- **PROBLEM DESCRIPTION**
Using the data beneath this instruction, retype only the lines from the one that contains "By PacSun Mesh" down to the one that contains "Camiseta Portugal Jugador", both included, exactly as they appear.
*** RECORDED INFORMATION ***
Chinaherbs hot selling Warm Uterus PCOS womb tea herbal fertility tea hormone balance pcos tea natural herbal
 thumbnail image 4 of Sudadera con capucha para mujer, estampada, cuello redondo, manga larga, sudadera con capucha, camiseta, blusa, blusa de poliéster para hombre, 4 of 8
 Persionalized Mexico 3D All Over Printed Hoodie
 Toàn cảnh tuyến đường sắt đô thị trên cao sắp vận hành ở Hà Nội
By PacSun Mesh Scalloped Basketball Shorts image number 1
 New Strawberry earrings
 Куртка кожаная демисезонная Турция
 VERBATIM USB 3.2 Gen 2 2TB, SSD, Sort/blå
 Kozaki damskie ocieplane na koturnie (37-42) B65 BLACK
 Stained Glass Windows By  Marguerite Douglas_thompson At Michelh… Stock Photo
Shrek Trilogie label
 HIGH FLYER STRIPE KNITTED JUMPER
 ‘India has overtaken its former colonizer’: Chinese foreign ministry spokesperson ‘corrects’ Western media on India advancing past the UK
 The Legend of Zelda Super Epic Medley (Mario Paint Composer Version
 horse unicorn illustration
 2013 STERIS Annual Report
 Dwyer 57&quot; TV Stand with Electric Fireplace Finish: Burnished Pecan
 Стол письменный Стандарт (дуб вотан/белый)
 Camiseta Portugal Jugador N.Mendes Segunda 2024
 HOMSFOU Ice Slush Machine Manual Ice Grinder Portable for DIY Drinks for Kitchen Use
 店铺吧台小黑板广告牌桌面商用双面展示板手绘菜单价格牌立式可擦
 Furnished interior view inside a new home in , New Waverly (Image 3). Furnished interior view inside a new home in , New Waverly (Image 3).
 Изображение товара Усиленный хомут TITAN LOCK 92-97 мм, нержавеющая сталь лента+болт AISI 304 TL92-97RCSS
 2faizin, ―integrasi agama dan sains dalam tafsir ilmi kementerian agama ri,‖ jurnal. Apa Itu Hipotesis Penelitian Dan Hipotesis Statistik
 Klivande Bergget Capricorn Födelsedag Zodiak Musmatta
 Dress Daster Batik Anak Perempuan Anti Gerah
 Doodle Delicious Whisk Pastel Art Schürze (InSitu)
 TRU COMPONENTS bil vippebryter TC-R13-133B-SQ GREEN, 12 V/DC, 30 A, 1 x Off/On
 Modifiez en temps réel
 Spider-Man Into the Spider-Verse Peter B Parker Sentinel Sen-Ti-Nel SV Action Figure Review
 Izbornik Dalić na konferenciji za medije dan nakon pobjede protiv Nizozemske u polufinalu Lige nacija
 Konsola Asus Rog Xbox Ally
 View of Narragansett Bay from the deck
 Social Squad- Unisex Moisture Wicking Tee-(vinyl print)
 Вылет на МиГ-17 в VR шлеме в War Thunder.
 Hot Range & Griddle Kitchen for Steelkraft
***
- **REPLY**
By PacSun Mesh Scalloped Basketball Shorts image number 1
 New Strawberry earrings
 Куртка кожаная демисезонная Турция
 VERBATIM USB 3.2 Gen 2 2TB, SSD, Sort/blå
 Kozaki damskie ocieplane na koturnie (37-42) B65 BLACK
 Stained Glass Windows By  Marguerite Douglas_thompson At Michelh… Stock Photo
Shrek Trilogie label
 HIGH FLYER STRIPE KNITTED JUMPER
 ‘India has overtaken its former colonizer’: Chinese foreign ministry spokesperson ‘corrects’ Western media on India advancing past the UK
 The Legend of Zelda Super Epic Medley (Mario Paint Composer Version
 horse unicorn illustration
 2013 STERIS Annual Report
 Dwyer 57&quot; TV Stand with Electric Fireplace Finish: Burnished Pecan
 Стол письменный Стандарт (дуб вотан/белый)
 Camiseta Portugal Jugador N.Mendes Segunda 2024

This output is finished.